Re: [PATCH 1/4] gitweb: Fix utf8 encoding for blob_plain, blobdiff_plain, commitdiff_plain, and patch

[Date Prev][Date Next][Thread Prev][Thread Next][Date Index][Thread Index]

 



Jakub Narębski <jnareb@xxxxxxxxx> writes:

> On 08.04.2013, Junio C Hamano wrote:
>> jk@xxxxxxxxxxxx (Jürgen Kreileder) writes:
>> 
>>> Fixes the encoding for several _plain actions and for text/* and */*+xml blobs. 
>>>
>>> Signed-off-by: Jürgen Kreileder <jk@xxxxxxxxxxxx>
>
> I see that this patch does (or tries to do) two _independent_ things,
> and should be split into at least two separate commits:

Agreed.

>>> ---
>> 
>> Thanks, will queue but not hold until I hear something from Jakub.
>> 
>>>  gitweb/gitweb.perl |    8 +++++++-
>>>  1 file changed, 7 insertions(+), 1 deletion(-)
>>>
>>> diff --git a/gitweb/gitweb.perl b/gitweb/gitweb.perl
>>> index 1309196..9cfe5b5 100755
>>> --- a/gitweb/gitweb.perl
>>> +++ b/gitweb/gitweb.perl
>>> @@ -3823,7 +3823,7 @@ sub blob_contenttype {
>>>  	my ($fd, $file_name, $type) = @_;
>>>  
>>>  	$type ||= blob_mimetype($fd, $file_name);
>>> -	if ($type eq 'text/plain' && defined $default_text_plain_charset) {
>>> +	if (($type =~ m!^text/\w[-\w]*$! || $type =~ m!^\w[-\w]*/\w[-\w]*\+xml$!) && defined $default_text_plain_charset) {
>>>  		$type .= "; charset=$default_text_plain_charset";
>>>  	}
>
> First, it extends adding "; charset=$default_text_plain_charset" to
> other mimetypes for 'blob_plain' view to all 'text/*' and '*/*+xml'
> mimetypes (without changing name of variable... though this is more
> complicated as it is configuration variable and we would want to
> preserve backward compatibility, but at least a comment would be,
> I think, needed).
>  
> Originally it applied only to 'text/plain' files, which can be
> displayed inline by web browser, and which need charset in
> 'Content-Type:' HTTP header to be displayed correctly, as they
> do not include such information inside the file.

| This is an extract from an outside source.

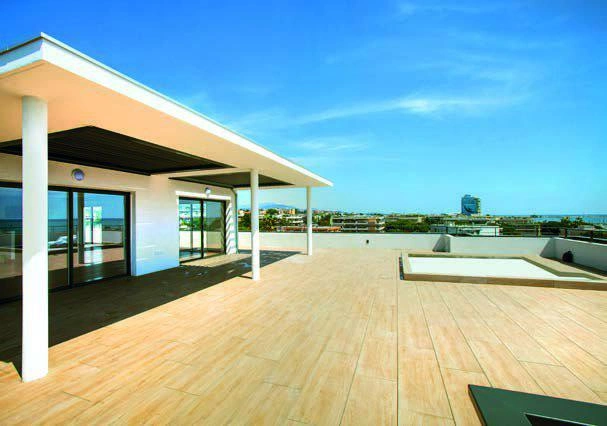 Квартиры в современном жилом комплексе в Прованс-Альпы-Лазурный берег, Франция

What prompted the change is that some browsers (Chrome and Safari) also
display other file types inline: text/x-chdr, text/x-java, text/x-objc,
text/x-sh, ...

At least on my system these files do get served with charset set!
(ISO-8859-1 even though Apache has "AddDefaultCharset UTF-8"...)

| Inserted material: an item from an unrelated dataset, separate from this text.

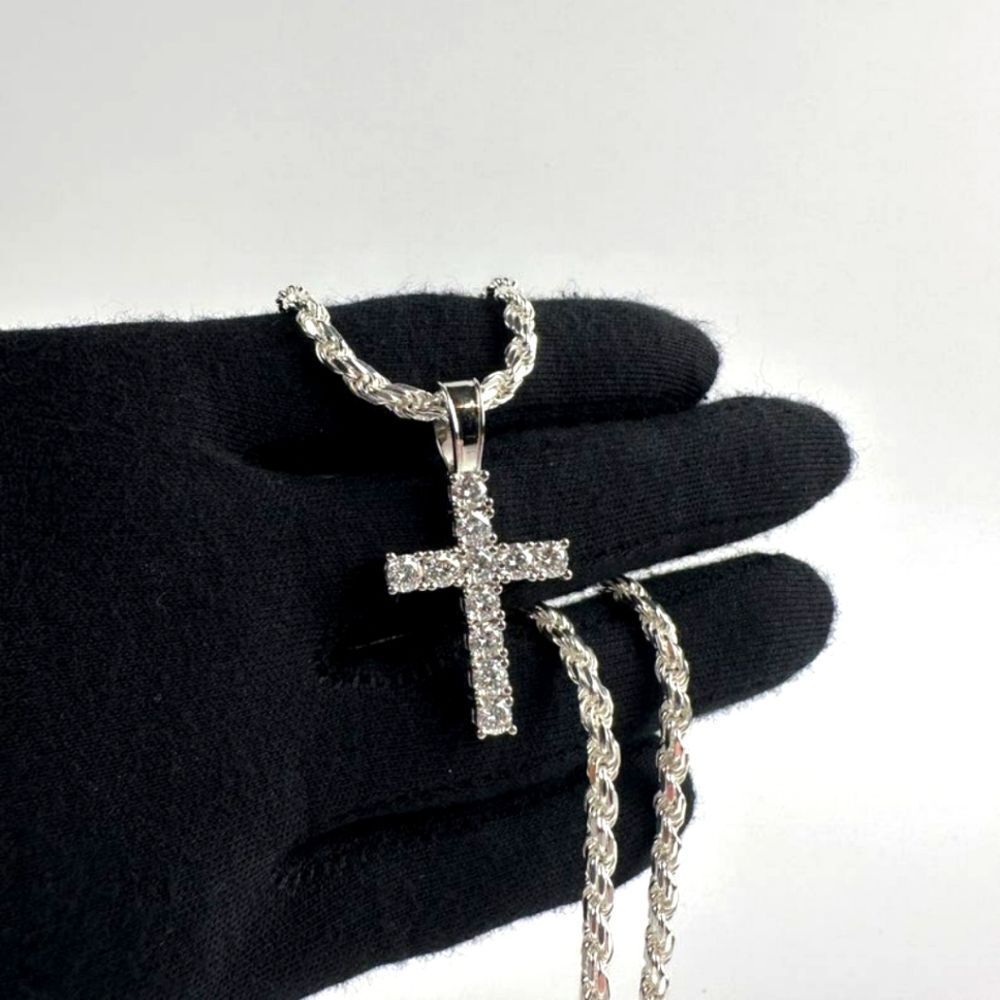 24-inch sparkling Cross pendant necklace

    $ curl -I "https://git.blackdown.de/old.cgi?p=contactalbum.git;a=blob_plain;f=Classes/ContactAlbum.h;hb=HEAD";
    HTTP/1.1 200 OK
    Date: Tue, 09 Apr 2013 21:47:30 GMT
    Server: Apache
    Content-disposition: inline; filename="Classes/ContactAlbum.h"
    X-Frame-Options: SAMEORIGIN
    Vary: User-Agent
    X-UA-Compatible: IE=edge
    Strict-Transport-Security: max-age=31536000
    Content-Type: text/x-chdr; charset=ISO-8859-1

> 'text/html' and 'application/xhtml+xml' can include such information
> inside them (meta http-equiv for 'text/html' and <?xml ...> for
> 'application/xhtml+xml').  I don't know what browser does when there
> is conflicting information about charset, i.e. which one wins, but
> it is certainly something to consider.

As shown above, even without my patch, this already can happen!

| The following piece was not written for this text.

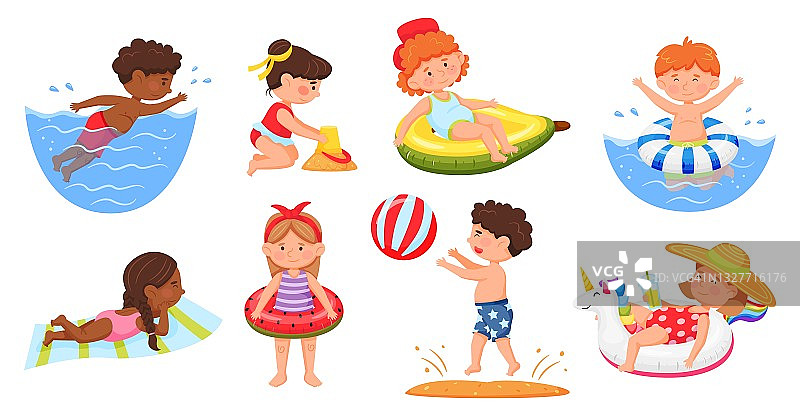 孩子们在沙滩上。男孩和女孩穿着泳衣在海里游泳，建造沙堡。卡通欢乐的孩子们享受暑假向量集图片素材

> It might be a good change; I don't know what web browser do when
> serving 'text/css', 'text/javascript', 'text/xml' to client to
> view without media type known.
>
>
> BTW I have noticed that we do $prevent_xss dance outside
> blob_contenttype(), in it's only caller i.e. git_blob_plain()...
> which for example means that 'text/html' converted to 'text/plain'
> don't get '; charset=...' added.  I guess that it *might* be
> what prompted this part of change... but if it is so, it needs
> to be fixed at source, e.g. by moving $prevent_xss to
> blob_contenttype() subroutine.

Jep.

[...]

> Second it changes 'blobdiff_plain', 'commitdiff_plain' (which I think
> that should be abandoned in favor of 'patch' view; but that is
> a separate issue) and 'patch' views so they use binary-safe output.
>
> Note that in all cases (I think) we use
>
>    $cgi->header(
>      -type => 'text/plain',
>      -charset => 'utf-8',
>      ...
>    );
>
> promising web browser that output is as whole in 'utf-8' encoding.

Yes.

> It is not explained in the commit message what is the reason for this
> change.  Is it better handing of a situation where files being diff-ed
> being in other encoding (like for example in commit that changes
> encoding of files from legacy encoding such like e.g. iso-8859-2
> or cp1250 to utf-8)?

I do see encoding problems when comparing utf8 to utf8 files (i.e. no
encoding change).  For instance:
https://git.blackdown.de/old.cgi?p=contactalbum.git;a=commitdiff_plain;h=cc4eaa64c2b399dd9bdbf1f67f6d621aa24df5f8

I don't claim to be an expert in Perl's utf8 handling but I guess this
because Perl's internal utf8 form differs from the normal utf8 out from
git commands.  Switching to :raw fixes that: We write plain utf8 (and,
as noted above, charset is set to utf8 already)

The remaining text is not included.